Moreover, because the nitride semiconductor layer is supported by the discontinuous pillar-like structure on the supporting substrate, bonding strength between the nitride semiconductor layer and the supporting substrate decreases. As a result, not only the conventional method employing excimer laser, but also mechanical peeling technique such as vibration or thermal impact maybe used to remove the supporting substrate. The supporting substrate can be mechanically peeled off, for example, by polishing the supporting substrate on the back surface thereof and making use of the vibration generated during polishing. During polishing, the whole supporting substrate is peeled off by the vibration. When the mechanical peeling technique is employed, the supporting substrate can be removed in a shorter period of time. Although an interface where the peeling occurs tend to varies, uniform nitride semiconductor substrate can be obtained by polishing the supporting substrate on the back surface thereof after peeling.

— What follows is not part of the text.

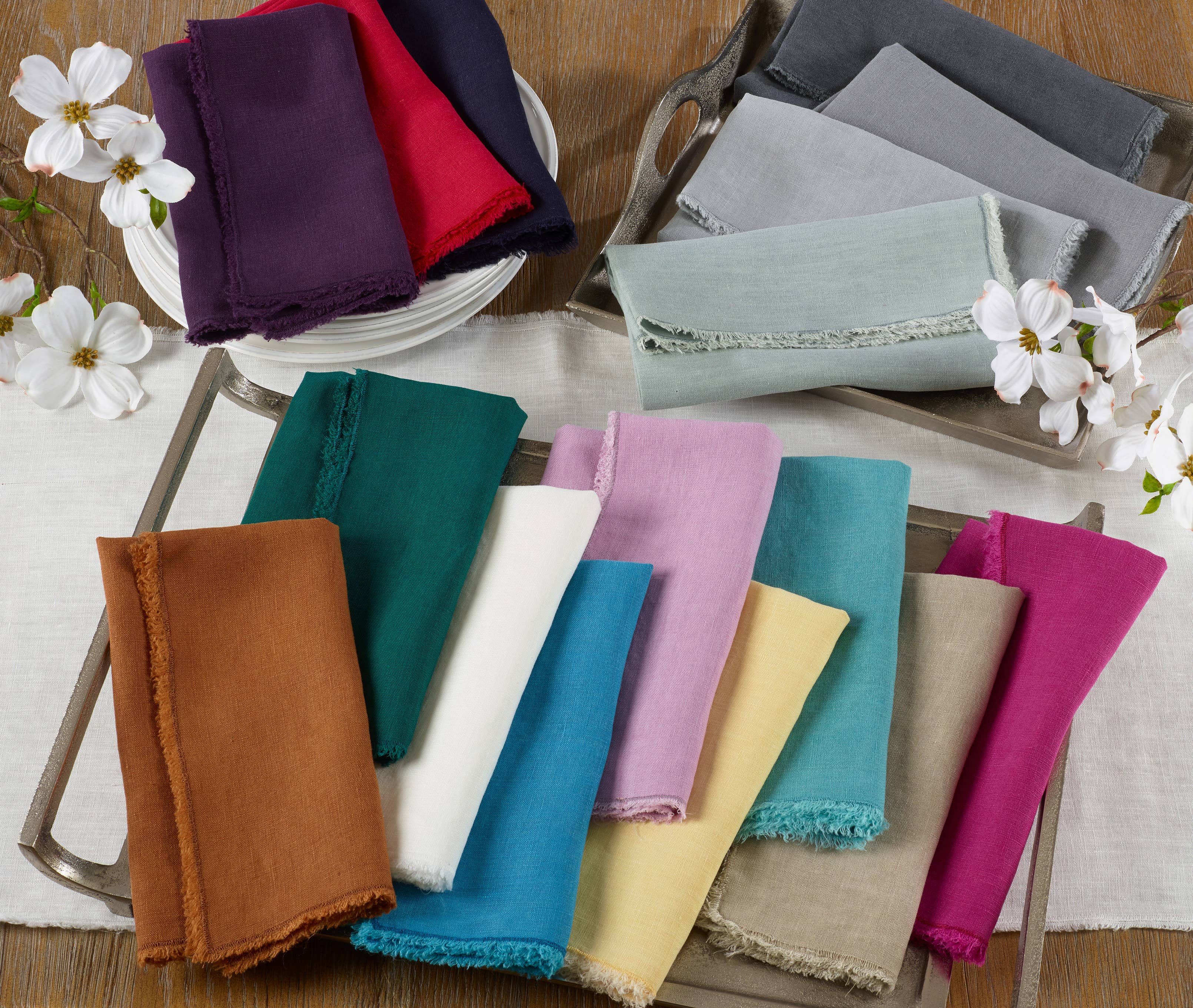 Saro Lifestyle Napkin - Thumbnail 3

When a different-material substrate covered by the nitride semiconductor layer is used as the supporting substrate, the nitride semiconductor layer covering the different-material substrate may be (a) a nitride semiconductor buffer layer grown at a temperature lower than the temperature at which the nitride semiconductor layer is to be grown thereafter (hereinafter called low temperature-grown buffer layer); (b) a laminate of a low temperature-grown buffer layer and a gallium nitride layer; (c) a laminate of a low temperature-grown buffer layer, a gallium nitride layer and an aluminum gallium nitride layer; or (d) a laminate of a low temperature-grown buffer layer, a gallium nitride layer and an indium gallium nitride layer.

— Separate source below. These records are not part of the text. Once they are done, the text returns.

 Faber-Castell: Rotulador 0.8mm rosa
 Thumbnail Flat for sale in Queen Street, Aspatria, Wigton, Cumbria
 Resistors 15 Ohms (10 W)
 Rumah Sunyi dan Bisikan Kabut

Among the constitutions described above, use of nitride semiconductor layer (c) (=the laminate of low temperature-grown buffer layer, gallium nitride layer and aluminum gallium nitride layer) has an effect of suppressing a decomposition of the nitride semiconductor layer on the supporting substrate surface in the subsequent process thereby to prevent the generation of V-shaped grooves which would otherwise be generated in the supporting substrate surface. It is also made easier to peel off the supporting substrate by utilizing the stress generated by the difference in thermal expansion coefficient between the gallium nitride layer and the aluminum gallium nitride layer. When nitride semiconductor layer (d) (=the laminate of a low temperature-grown buffer layer, a gallium nitride layer and an indium gallium nitride layer) is used, peeling off the supporting substrate is made easier by utilizing the fact that the indium gallium nitride layer has mechanical strength weaker than that of the gallium nitride.

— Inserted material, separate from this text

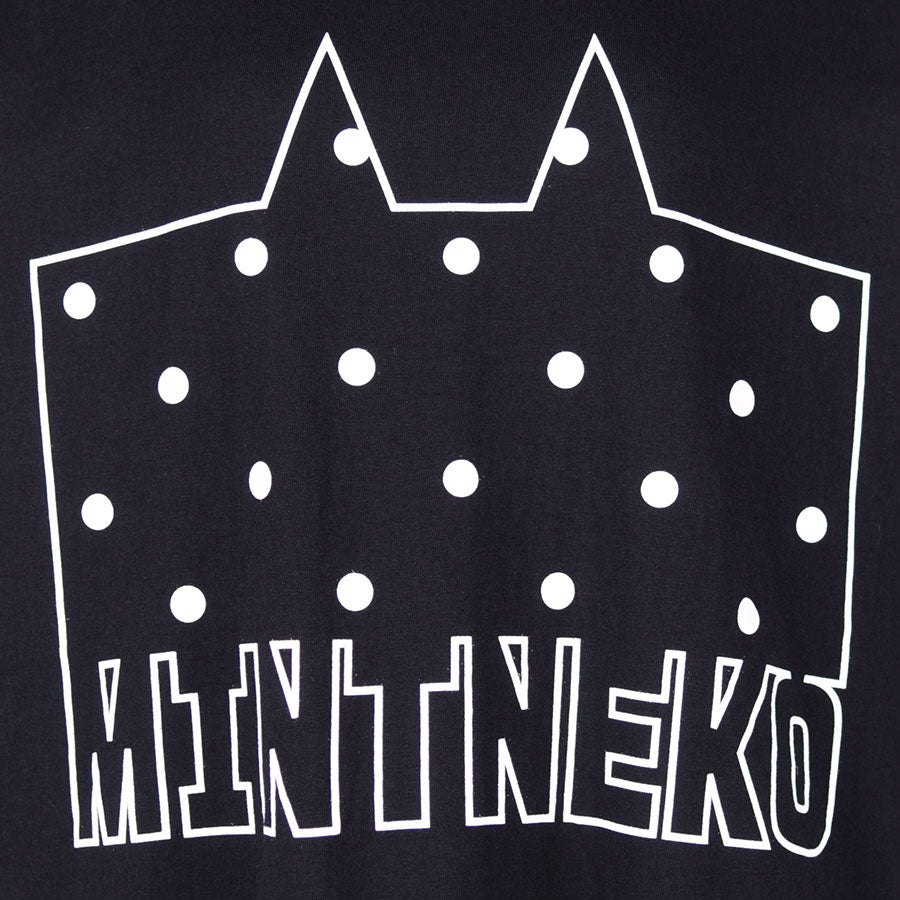 MINT NeKO Multicolor Sleeve TOP / BK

Windows of stripe, grid or island configuration are formed on the protective film on the supporting substrate. It is preferable to form windows of grid or island configuration. When the windows of grid or island configuration are formed, the first nitride semiconductor layer grows in many directions in the plane thus making it easier to peel off the supporting substrate. It is more preferable to form the windows of grid configuration so that the protective film surrounded by the window has polygonal or circular shape. When the area of the protective film surrounded by the window is formed in polygonal or circular shape, the joint of the second nitride semiconductor layer becomes a point at the center of the protective film thus making it possible to minimize the area of the joint where dislocations are concentrated.
While the protective film is removed after growing the first nitride semiconductor layer, the protective film may not be completely removed and it suffices to remove the protective film in such a manner as at least a cavity is formed under the joint of the second nitride semiconductor layer. For example, the protective film may be removed only from under the joint, or just be reduced its thickness.
The protective film may be removed by dry etching or wet etching, in either way the protective film can be removed without degrading the crystallinity of the nitride semiconductor. Dry etching is capable of easily controlling the depth of the protective film to be removed.
When the protective film is removed so as to expose the surface of the supporting substrate, the problems caused by the decomposition of the protective film while growing the nitride semiconductor on the protective film, namely abnormal growth and degradation of crystallinity of the nitride semiconductor can be mitigated.
The protective film is made of silicon oxide, silicon nitride, titanium oxide or zirconium oxide, or a multi-layered film of these materials or a film made of a metal having a high melting point not lower than 1200xc2x0 C. Since such a material for the protective film has the property of not allowing nitride semiconductor to grow easily thereon, the protective film is preferably used for growing the nitride semiconductor laterally thereon.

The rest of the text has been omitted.